Exercise instructions —
Each record that follows should be repeated exactly, minus any images.

Raw data —
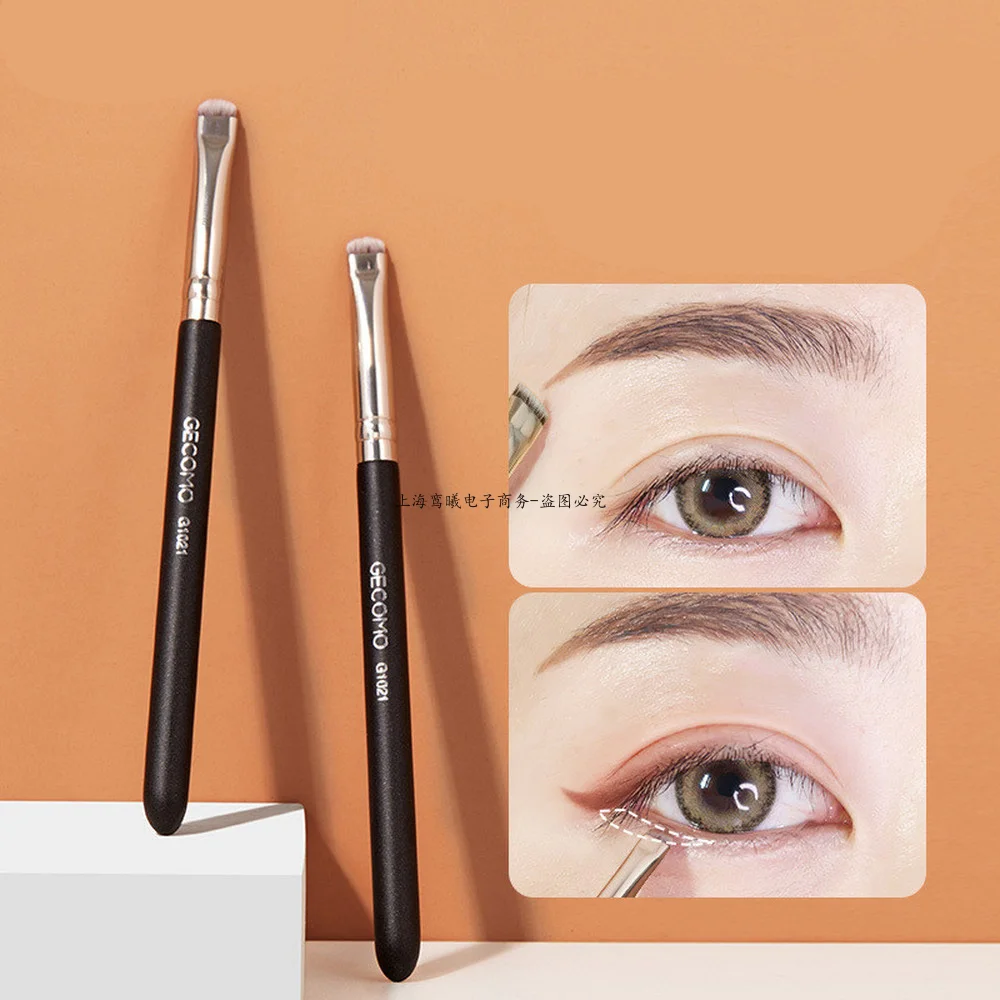 Top Trends: New 1 / 2 / 3 Pcs Eye Makeup Brush Flat Eyeliner Eyebrow Blending Beauty Make Up Brush Soft Nylon Hair 3 Styles For Choose Shoppable Styles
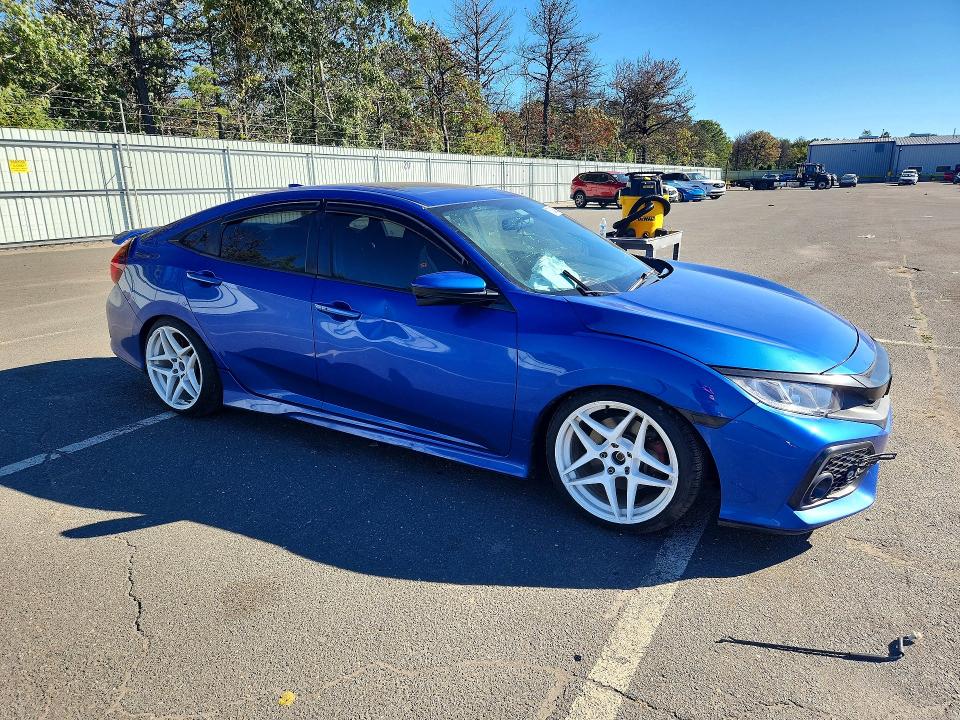 Продажа на аукционе авто 2018 Honda Civic, vin: 2HGFC1E56JH700759, номер лота: 72046236
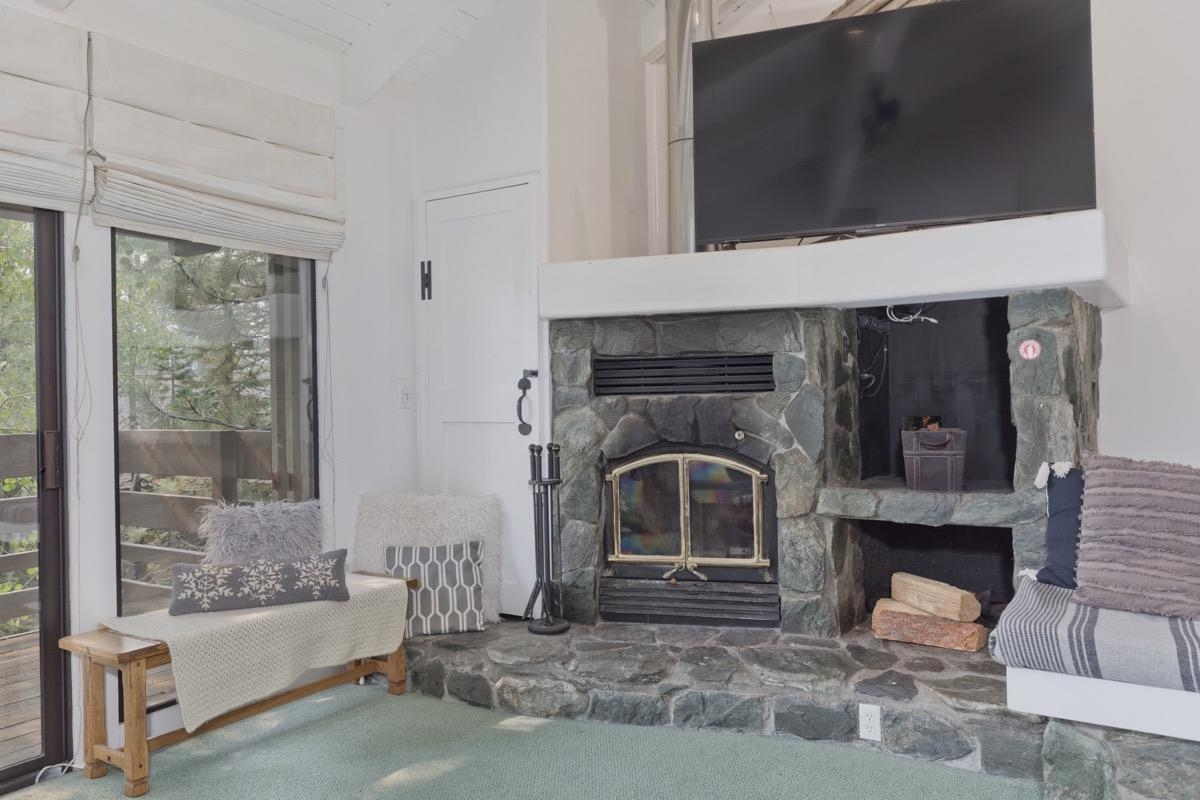 98 Tyrol Lane Unit: #304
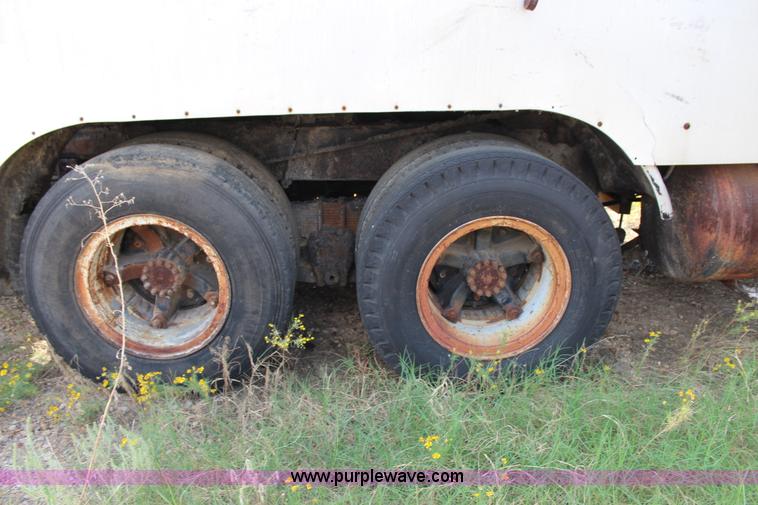 image for item J4343 1972 Ford 9000 oil distributor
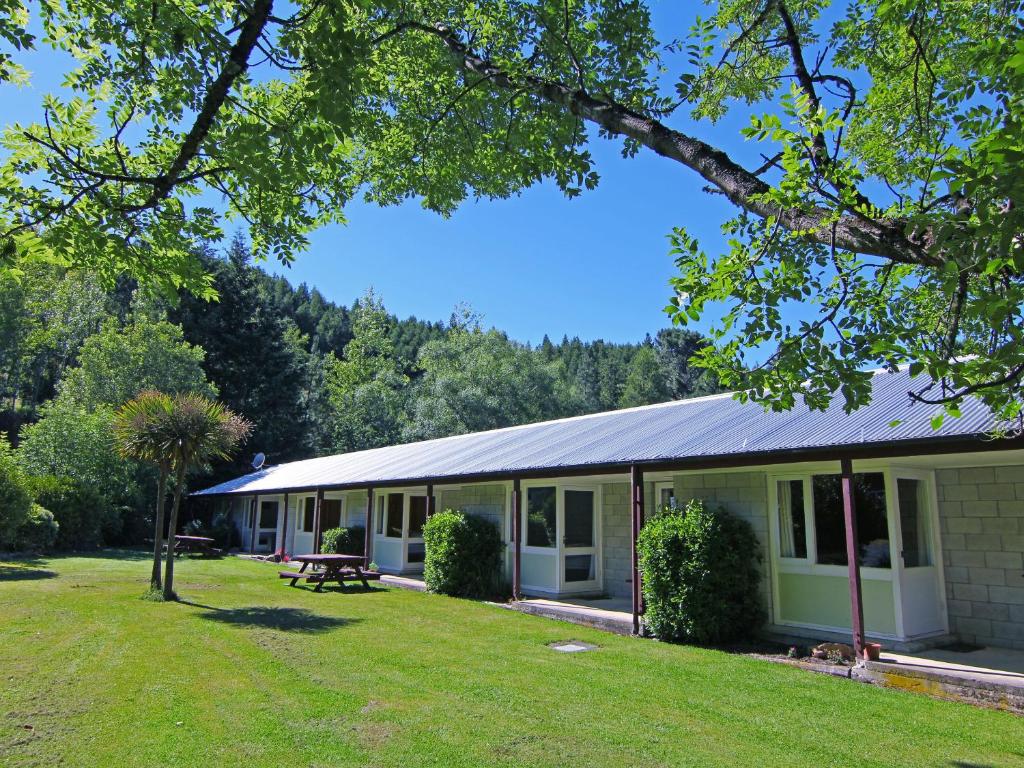 Alpine Adventure Holiday Park - Resim 14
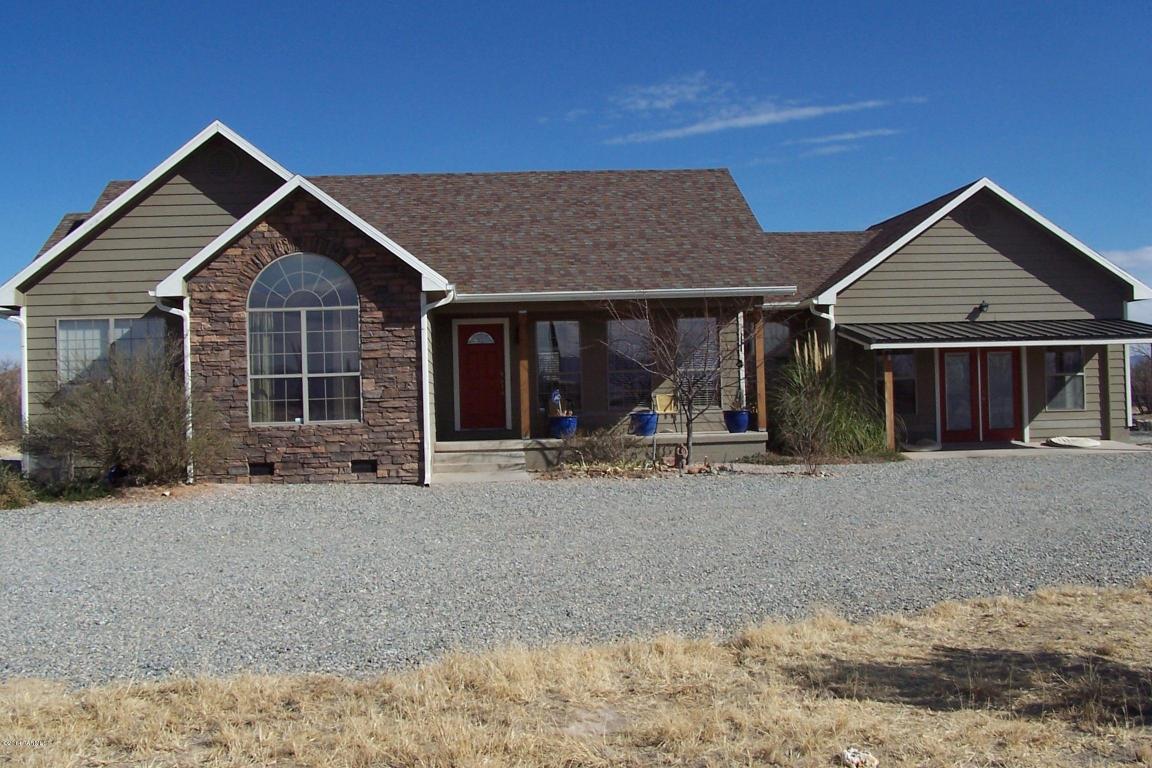 1624 N Circle I Rd, Willcox, AZ 85643 photo 1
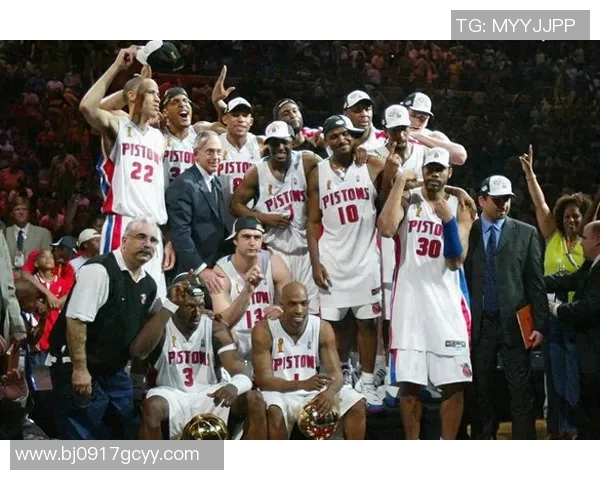 小加索尔复出壮观发挥，活塞队难以防守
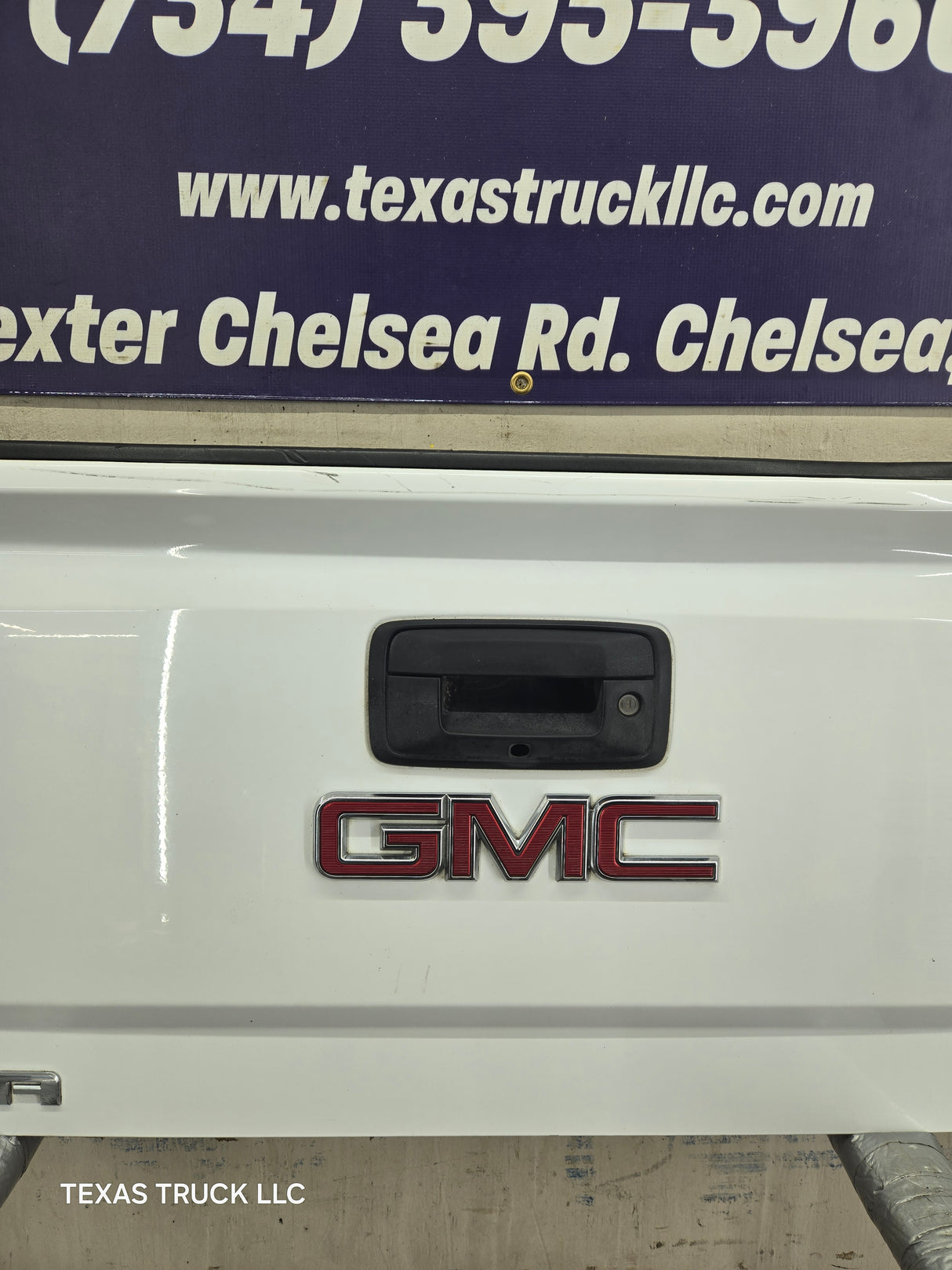 2014-2019 Chevrolet Silverado / GMC Sierra 1500 2500 3500 HD Tailgate - White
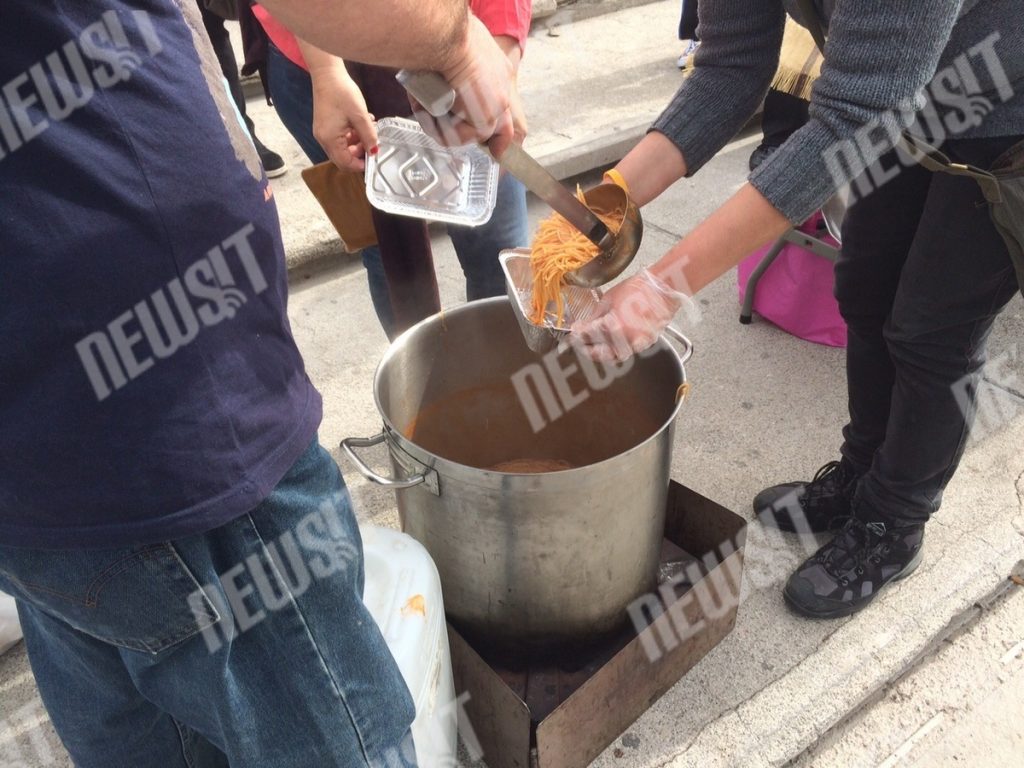 Για δεύτερη μέρα στήθηκε τσουκάλι στην Ομόνοια για τους μετανάστες – ΦΩΤΟ κ VIDEO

Solution below —
 Top Trends: New 1 / 2 / 3 Pcs Eye Makeup Brush Flat Eyeliner Eyebrow Blending Beauty Make Up Brush Soft Nylon Hair 3 Styles For Choose Shoppable Styles
 Продажа на аукционе авто 2018 Honda Civic, vin: 2HGFC1E56JH700759, номер лота: 72046236
 98 Tyrol Lane Unit: #304
 image for item J4343 1972 Ford 9000 oil distributor
 Alpine Adventure Holiday Park - Resim 14
 1624 N Circle I Rd, Willcox, AZ 85643 photo 1
 小加索尔复出壮观发挥，活塞队难以防守
 2014-2019 Chevrolet Silverado / GMC Sierra 1500 2500 3500 HD Tailgate - White
 Για δεύτερη μέρα στήθηκε τσουκάλι στην Ομόνοια για τους μετανάστες – ΦΩΤΟ κ VIDEO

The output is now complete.